Es stimmt, die stark verbesserte VfB-Offensive verpasste es auf Schalke, bei einer 2:1-Führung einen der vielen Konter konsequent zu Ende zu spielen und dem vom eigenen Anhang bereits ausgepfiffenen Gegner den Gnadenstoß zu verpassen. Verheißungsvolle Perspektiven taten sich zu diesem Zeitpunkt auf, als in den Parallelspielen Hannover und Paderborn zurücklagen und der VfB in der Blitztabelle vorübergehend Fünfzehnter war. „Da hätten wir das 3:1 machen müssen“, sagt Huub Stevens.

Andererseits müssen eben auch einmal zwei Auswärtstore reichen, um zumindest einen Punkt mitnehmen zu können. An dieser Stelle jedoch beginnt das große Problem der Stuttgarter: die ständig wiederkehrenden haarsträubenden Fehler in der Defensive. Sie haben auch auf Schalke den möglichen Sieg gekostet – und den VfB nun vollends an den Rande des Abgrunds geführt. Ein kleiner Schritt ist es nur noch, dann folgt der tiefe Fall.

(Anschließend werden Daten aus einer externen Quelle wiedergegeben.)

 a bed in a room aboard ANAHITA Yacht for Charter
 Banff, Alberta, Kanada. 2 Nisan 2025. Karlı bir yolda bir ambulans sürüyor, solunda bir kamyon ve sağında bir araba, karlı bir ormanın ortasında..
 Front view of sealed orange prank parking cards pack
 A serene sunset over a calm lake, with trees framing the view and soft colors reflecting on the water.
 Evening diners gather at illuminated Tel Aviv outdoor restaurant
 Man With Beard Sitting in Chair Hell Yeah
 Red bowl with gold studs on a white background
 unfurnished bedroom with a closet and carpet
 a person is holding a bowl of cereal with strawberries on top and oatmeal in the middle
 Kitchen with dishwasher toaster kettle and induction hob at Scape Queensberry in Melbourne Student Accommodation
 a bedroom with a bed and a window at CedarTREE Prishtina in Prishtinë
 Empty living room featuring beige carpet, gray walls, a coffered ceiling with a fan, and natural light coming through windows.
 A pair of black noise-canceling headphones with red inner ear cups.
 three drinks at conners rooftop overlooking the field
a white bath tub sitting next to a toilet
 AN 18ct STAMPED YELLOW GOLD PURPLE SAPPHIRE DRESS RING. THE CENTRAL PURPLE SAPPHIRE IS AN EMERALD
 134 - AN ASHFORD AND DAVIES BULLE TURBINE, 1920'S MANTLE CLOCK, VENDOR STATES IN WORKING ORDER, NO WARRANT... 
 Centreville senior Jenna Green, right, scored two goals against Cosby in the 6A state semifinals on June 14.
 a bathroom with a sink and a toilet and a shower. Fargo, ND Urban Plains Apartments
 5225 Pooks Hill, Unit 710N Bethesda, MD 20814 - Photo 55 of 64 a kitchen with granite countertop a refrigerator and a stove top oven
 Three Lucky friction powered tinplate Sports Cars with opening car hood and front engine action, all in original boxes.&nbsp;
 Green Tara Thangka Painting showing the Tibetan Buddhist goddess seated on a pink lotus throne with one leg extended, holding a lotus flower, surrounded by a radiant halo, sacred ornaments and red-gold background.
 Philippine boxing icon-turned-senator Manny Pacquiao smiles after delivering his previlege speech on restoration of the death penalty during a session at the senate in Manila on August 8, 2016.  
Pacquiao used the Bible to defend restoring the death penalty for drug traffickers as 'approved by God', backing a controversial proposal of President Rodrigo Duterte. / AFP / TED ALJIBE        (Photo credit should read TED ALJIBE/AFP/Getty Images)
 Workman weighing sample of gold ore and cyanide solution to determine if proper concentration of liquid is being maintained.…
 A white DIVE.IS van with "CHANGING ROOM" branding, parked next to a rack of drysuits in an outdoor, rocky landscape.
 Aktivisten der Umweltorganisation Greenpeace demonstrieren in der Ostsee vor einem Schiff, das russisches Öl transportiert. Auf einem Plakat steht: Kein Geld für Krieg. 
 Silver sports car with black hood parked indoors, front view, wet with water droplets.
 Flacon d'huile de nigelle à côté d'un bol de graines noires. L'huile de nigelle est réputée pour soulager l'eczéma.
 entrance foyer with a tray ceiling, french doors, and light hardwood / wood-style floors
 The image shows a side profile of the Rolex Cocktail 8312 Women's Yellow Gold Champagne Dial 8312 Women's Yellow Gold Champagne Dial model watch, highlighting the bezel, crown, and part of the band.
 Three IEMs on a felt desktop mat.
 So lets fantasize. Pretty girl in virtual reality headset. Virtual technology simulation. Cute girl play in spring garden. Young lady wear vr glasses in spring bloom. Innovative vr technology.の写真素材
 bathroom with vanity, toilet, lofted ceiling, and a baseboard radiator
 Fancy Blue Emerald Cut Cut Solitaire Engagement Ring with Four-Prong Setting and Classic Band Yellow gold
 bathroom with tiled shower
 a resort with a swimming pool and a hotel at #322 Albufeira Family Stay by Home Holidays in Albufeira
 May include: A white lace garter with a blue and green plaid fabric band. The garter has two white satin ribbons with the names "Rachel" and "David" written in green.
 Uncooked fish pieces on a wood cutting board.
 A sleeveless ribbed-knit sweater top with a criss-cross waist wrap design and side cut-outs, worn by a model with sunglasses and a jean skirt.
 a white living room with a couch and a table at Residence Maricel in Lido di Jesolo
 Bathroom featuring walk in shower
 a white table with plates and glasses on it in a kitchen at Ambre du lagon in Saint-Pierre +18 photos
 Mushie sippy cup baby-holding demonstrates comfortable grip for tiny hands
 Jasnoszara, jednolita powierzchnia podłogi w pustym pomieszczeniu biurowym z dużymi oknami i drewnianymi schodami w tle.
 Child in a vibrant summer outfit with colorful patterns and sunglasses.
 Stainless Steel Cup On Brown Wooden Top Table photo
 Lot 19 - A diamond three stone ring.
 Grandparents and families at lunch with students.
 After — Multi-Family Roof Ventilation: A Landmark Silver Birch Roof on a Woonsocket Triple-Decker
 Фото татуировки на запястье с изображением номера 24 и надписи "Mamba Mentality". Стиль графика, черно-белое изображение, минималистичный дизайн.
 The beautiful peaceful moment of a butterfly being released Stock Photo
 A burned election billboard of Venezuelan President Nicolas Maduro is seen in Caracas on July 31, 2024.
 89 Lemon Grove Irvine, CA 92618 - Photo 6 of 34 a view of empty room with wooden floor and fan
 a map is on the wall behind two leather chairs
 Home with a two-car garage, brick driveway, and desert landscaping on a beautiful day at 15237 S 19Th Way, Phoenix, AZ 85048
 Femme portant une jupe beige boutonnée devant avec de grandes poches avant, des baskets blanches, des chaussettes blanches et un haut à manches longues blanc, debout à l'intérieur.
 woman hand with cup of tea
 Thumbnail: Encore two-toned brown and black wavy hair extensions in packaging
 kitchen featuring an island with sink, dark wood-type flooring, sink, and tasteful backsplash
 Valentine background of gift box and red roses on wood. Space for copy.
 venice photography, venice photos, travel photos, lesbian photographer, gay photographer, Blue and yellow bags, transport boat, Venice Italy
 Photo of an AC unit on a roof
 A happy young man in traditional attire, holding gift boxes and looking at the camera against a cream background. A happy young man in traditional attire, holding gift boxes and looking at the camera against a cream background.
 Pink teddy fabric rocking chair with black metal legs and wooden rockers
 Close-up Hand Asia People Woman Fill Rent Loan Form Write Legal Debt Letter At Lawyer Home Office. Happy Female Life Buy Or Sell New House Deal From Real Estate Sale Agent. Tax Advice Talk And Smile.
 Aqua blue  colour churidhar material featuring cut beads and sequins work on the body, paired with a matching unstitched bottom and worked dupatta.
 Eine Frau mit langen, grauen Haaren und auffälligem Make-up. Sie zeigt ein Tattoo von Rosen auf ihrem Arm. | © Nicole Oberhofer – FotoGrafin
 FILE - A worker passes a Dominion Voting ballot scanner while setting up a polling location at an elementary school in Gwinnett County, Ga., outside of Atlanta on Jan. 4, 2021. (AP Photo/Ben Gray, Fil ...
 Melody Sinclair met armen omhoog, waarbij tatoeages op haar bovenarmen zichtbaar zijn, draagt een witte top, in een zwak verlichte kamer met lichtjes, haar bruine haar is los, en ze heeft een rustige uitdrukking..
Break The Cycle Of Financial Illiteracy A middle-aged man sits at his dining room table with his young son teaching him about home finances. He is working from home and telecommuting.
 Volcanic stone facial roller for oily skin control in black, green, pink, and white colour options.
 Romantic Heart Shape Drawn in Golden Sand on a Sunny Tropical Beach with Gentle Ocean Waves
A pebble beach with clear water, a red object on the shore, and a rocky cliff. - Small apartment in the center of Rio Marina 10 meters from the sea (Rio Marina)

Die Abwehrschwächen als ständiger Begleiter

So groß mittlerweile die Offensivmöglichkeiten sind, so bundesligauntauglich ist die Abwehr, wo sich die verfehlte Personalplanung der vergangenen Jahre nun endgültig bitter rächen könnte. Das betrifft die linke Abwehrseite ebenso wie die Innenverteidigung. Georg Niedermeier beispielsweise ist ein aufrechter Kämpfer, der sich stets ohne Rücksicht auf Verluste ins Gefecht wirft. Am Samstag hielt er bis zum Schluss durch, trotz einer Risswunde am Unterschenkel, die am nächsten Tag mit fünf Stichen genäht werden musste. Aufgrund fehlender fußballerischer Klasse aber war er schon unter mehreren VfB-Trainern auf dem Abstellgleis gelandet. Mangels Alternativen kam er immer wieder zurück – und macht immer wieder schwere Fehler wie vor dem 0:1 auf Schalke, als er im eigenen Fünfmeterraum unbedrängt über den Ball säbelte.

Was bleibt, ist die Hoffnung auf die wundersame Rettung in den alles entscheidenden letzten drei Partien. Dass es schwer werde, die Spieler wieder aufzurichten, das wiederholt Huub Stevens am Ende noch einmal, „aber das bekommen wir auch diese Woche wieder hin“. Er sei „immer ein Kämpfer gewesen“, sagt der Trainer und schaut in die Runde. Die alten Weggefährten um ihn herum nicken zustimmend.